A few comments after taking a closer look at it. First the steam valve knob, this undoubtedly looks and feels cheep. It’s unmistakably plastic and it has a little wobble to it. It works but this is a weak point for the machine.
After using it a few times I realized that you had to turn it 3 or 4 full rotations to open the valve completely, which is a bit annoying. Also its position on the right side of the machine is actually quite difficult to get at when steaming.
The switched on the front are also plastic, but they have a satisfying feel and are much better than the knob. I don’t really have too much complaints here.
The lamps below the switches are a bit difficult to see depending on the lighting conditions and where you place your machine. When it’s bright around, you can hardly see the light (can you see that the left lamp is glowing in the photo?)
One thing that I did not know until actually having the machine in my hands it that the GAGGIA CLASSIC logo on the front of the machine is made of metal. Why… Why could you not have spend the extra cost on the knob instead of this logo… Gaggia. I don’t understand…

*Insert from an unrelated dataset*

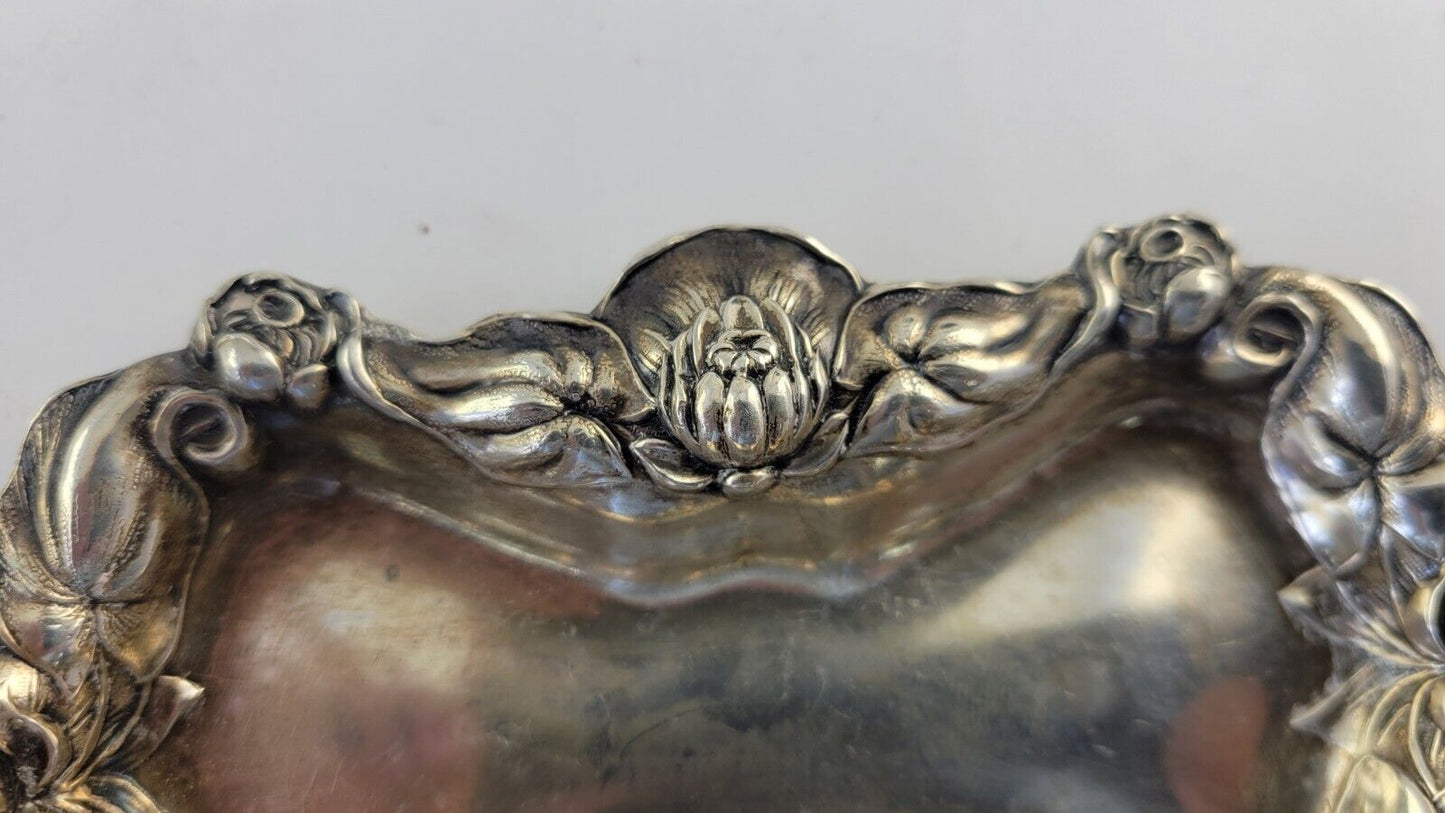 International Sterling Silver 5 1/4"  Repousse Floral Cigarette Ashtray 1.1oz.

The drip tray is very simple. The tray itself is made of plastic, but it doesn’t bother me too much. It’s easy to remove even when it is quite full with water. The cover is a nice mirrored stainless piece, but it doesn’t stay clean for long, with all the water falling on top of it. This is inevitable.

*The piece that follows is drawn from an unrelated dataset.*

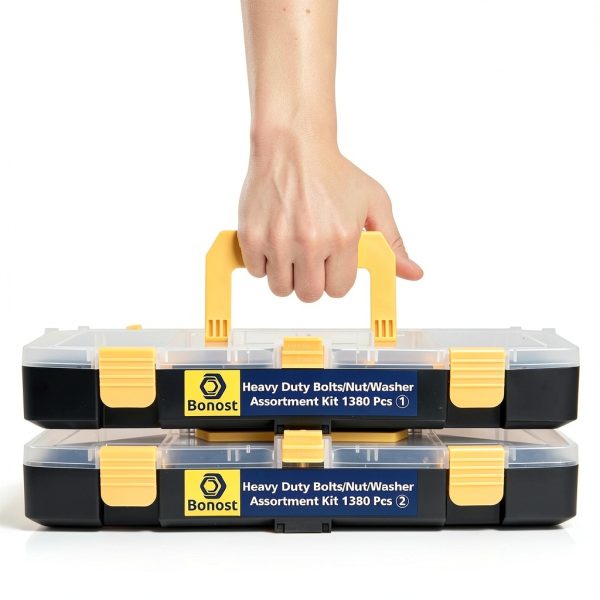 1380pcs Nuts and Bolts Kit Bonost Grade 8.8 Metric M4-M8 Zinc-4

The reservoir can be pulled out from the front after removing the drain pipe. It has 2 pipes inside it, the longer one is an intake and the shorter one is a return line.
You can of course fill the tank from the top. Its got a lid and you cant see it from the picture but its got a funnel structure to neatly guide the water to the tank.
The group head looks like this. The steam wand only rotates horizontally, unlike some other machines which have a ball joint. I didn’t might this too much.
The group head is made from some thick heavy metal, and you can really feel that this machine is built to last. The fact that even the not easily visible parts of the body are properly coated with the same black finish.
The Power Concern
One major concern before buying the machine was the power. Can I use the machine with the a power outlet in Japan? The short answer is that I could!
The machine functioned without any noticeable problems. But I don’t yet know the long term effects. (If you are going to try, please do so at your own risk)
The power cable that comes with the machine is a 3 pronged one which does not fit on normal Japanese outlets. So I just got a different cable with a normal 2 prong, and that worked fine.
Trying it our for the first time!
I will write a bit more in detail after getting use to it a bit more, but to share some first impressions of using it, I am having so much fun!
I set up the machine and pulled 4 double shots in a row. haha. In the middle of the night, mind you. Theres no way I can drink them but couldn’t stop myself.
For the first try, I had no clue how fine the grounds should be so, I randomly set my TIMEMORE SLIM PLUS to 5 clicks and tried. And… nothing came out. I got worried that I screwed up something or the machine was broken, but it turns out that the grounds were too fine. After 20~30sec, if finally started to flow so that was a huge relief.
My first ever shot looked like this. No crema, and instead there was like some oil floating on top. The taste was also… very intense… a clear failure.
For the next try, I set my grinder to 10 clicks. And the water just came straight through. No sign of any pressure build up.
So I tried 8 clicks and 7 clicks and the 4th shot finally started to look like proper espresso with a nice crema. The taste was intensely sour. I’m still far away from a nice shot of espresso, but it was so much fun.
I will continue to practice and hopefully I can get a nice tasting shot soon!
For a proper review of the machine I will need to use the machine for a while and get to know it, but so far it is awesome!